Sebagaimana sebuah negara yang mempunyai tentara, dulu, setiap kerajaan juga memiliki tentara/prajurit. Keraton Kasultanan Ngayogyakarta Hadiningrat pun demikian. Bregada atau kesatuan prajurit keraton ini, menariknya, ditampilkan dan
bisa disaksikan masyarakat saat prosesi Garebeg Syawal, Besar, dan Maulud.
Saat ini terdapat 10 bregada prajurit, yakni Wirabraja, Patangpuluh,
Jagakarya, Prawiratama, Ketanggung, Mantrijero, Nyutro, Surakarsa, Bugis, dan
Daeng. Setiap bregada terdiri atas 50-an orang, dan dipimpin seorang perwira. Nah,
kesepuluh bregada ini dibawah komando seorang Manggalayudha.
1. Wirabraja. Bregada ini nampaknya yang paling mudah
dikenali. Seragamnya berbentuk sikepan. Kostumya serba merah. Mungkin lantaran
warna dan bentuk topinya, bregada ini sering disebut “Lombok Abang”, atau dalam Bahasa Indonesia berarti "cabai merah". Kata “wira”, dalam Bahasa Jawa, berarti berani, sedangkan “braja” bermakna tajam.
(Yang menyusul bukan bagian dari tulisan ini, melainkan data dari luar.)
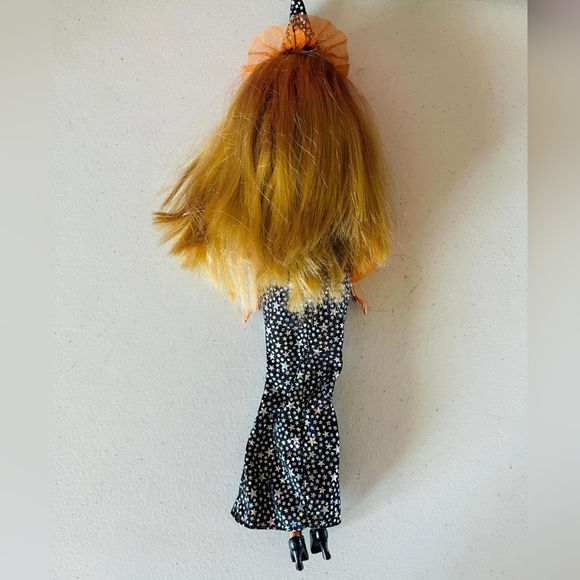 Halloween barbie doll bratz doll sticker monster high doll sticker - Picture 7 of 8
Senjata bregada ini senapan
dan tombak.
2. Patangpuluh. Seragamnya berbentuk sikepan, bercorak
lurik. Tudung kepala songkok warna hitam. Dalam bahasa Jawa, “patangpuluh”
berarti angka 40. Latar belakang nama ini-setelah saya cari kemana-mana-merujuk
pada penghormatan kepada 40 prajurit keraton yang berani. Senjata bregada ini
senapan dan tombak.
3.
3. Jagakarya. Seragamnya sikepan, celana lurik. Dalam
bahasa Jawa, “Jaga” berarti jaga, sedangkan “karya” adalah tugas. Bregada ini
punya tugas yang berkaitan dengan pemerintahan. Senjata bregada ini masih sama,
senapan dan tombak.
4. Prawiratama. Seragamnya sikepan hitam. Bregada
ini menyandang nama Prawiratama karena selalu berhasil saat bertempur. Prawitama
bermula dari prajurit Mataram yang membantu Pangeran Mangkubumi melawan kompeni
Belanda. Senjata bregada ini senapan.
5. Ketanggung. Bregada ini punya tugas utama menjaga
keamanan di lingkungan keraton. Tetapi juga mengawal raja saat berkunjung ke luar keraron. Seragamnya sikepan corak lurik, mengenakan topi
mancungan warna hitam. Senjatanya senapa api dengan pisau bayonet, dan tombak.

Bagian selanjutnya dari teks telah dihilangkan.